Am Frankfurter Flughafen, dem drittgrößten in Europa, geben russische Reisende fast viermal so viel wie der Durchschnitt aus, erklärte Fraport-Vorstandsmitglied Anke Giesen auf einer Konferenz des Airports Council International in Frankfurt am 18. Juni. Zum Vergleich: Die Ausgaben deutscher Reisender in den Läden am Flughafen Frankfurt liegen bei nicht einmal einem Drittel des Durchschnitts. Fraport werde vom mangelnden Shopping-Interesse der Reisenden aus Russland besonders getroffen, schrieben Analysten von JPMorgan am 1. April in einer Studie. Grund sei, dass der Konzern auch am Flughafen St. Petersburg in der zweitgrößten russischen Stadt und an den Airports im türkischen Antalya sowie in Burgas und Warna an der bulgarischen Schwarzmeerküste beteiligt sei. Die letzten drei Destinationen sind beliebte Ferienziele für Russen.
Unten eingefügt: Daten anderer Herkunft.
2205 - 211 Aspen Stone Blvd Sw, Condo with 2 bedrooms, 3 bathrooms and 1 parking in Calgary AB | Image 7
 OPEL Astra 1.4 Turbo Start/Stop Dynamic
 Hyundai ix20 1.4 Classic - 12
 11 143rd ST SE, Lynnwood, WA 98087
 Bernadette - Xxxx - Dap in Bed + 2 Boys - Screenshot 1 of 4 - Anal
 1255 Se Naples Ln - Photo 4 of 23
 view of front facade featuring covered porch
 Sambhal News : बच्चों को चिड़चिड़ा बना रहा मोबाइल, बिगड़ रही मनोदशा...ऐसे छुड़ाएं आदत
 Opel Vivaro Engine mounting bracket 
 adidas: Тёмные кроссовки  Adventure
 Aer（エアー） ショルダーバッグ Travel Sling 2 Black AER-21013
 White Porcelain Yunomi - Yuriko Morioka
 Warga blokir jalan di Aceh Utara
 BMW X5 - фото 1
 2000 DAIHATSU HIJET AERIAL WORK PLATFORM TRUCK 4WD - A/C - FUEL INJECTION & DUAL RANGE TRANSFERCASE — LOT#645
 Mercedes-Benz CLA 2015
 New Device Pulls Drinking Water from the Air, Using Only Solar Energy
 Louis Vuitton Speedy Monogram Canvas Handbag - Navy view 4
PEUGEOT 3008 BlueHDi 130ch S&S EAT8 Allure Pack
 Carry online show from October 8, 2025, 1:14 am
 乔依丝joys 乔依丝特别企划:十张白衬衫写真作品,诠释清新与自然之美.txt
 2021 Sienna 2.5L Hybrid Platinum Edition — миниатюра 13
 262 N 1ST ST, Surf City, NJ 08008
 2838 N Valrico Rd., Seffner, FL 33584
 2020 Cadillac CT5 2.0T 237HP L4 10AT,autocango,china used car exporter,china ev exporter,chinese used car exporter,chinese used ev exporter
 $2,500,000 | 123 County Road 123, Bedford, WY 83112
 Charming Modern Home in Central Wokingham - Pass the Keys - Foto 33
Der Flughafen Wien, dessen Geschäftsmodell stark auf Flüge nach Russland und andere ehemalige Sowjetrepubliken ausgerichtet ist, führte einen Rückgang beim Umsatz im ersten Quartal auf die "massive Abwertung" des Rubels zurück. "Wir sehen uns als Tor zum Osten, und das ist in gewisser Weise auch unsere Schwäche", sagt Julian Jäger, Vorstandsdirektor des Flughafens.

Nächster Schlag droht aus China

Die Flughafen Zürich AG hat die Fläche für Ladenlokale in den vergangenen zwölf Jahren annähernd verdreifacht. Unter anderem betreiben die Schweizer Luxus-Uhrenhersteller Rolex, Omega und Breitling dort Verkaufsstellen. Derzeit stehen die Umsätze bei Schmuck und Uhren unter Druck, berichtet Flughafen- Sprecherin Sonja Zöchling. Russen seien beim Einkauf sehr zurückhaltend, führt sie aus. Auch der Pariser Flughafenbetreiber Aeroports de Paris berichtet, dass die Wechselkurse den Einzelhandelsumsatz an Europas zweitgrößtem Flughafen Charles de Gaulle im ersten Quartal gebremst haben. Dabei ist der Verkehr auf den Strecken nach China und Russland gestiegen, und auf die Russland-Routen entfallen laut Berechnungen von JPMorgan bis zu sieben Prozent der Verkäufe im Flughafen-Einzelhandel.

Demnächst könnte den Airport-Einzelhändlern ein nächster Schlag durch Wechselkurse drohen. Der chinesische Yuan ist am 8. Mai auf 8,72 je Euro abgesunken, den niedrigsten Stand seit zweieinhalb Jahren. Reisende aus China, der weltweit zweitgrößten Volkswirtschaft, geben laut Daten von Fraport das 5,4fache eines durchschnittlichen Passagiers aus - noch mehr als die Russen. In Frankfurt unterstützt man jetzt die Kauffreude der Chinesen mit fünf Chinesisch sprechenden persönlichen Einkaufsberatern, die für den Flughafenbetreiber tätig sind.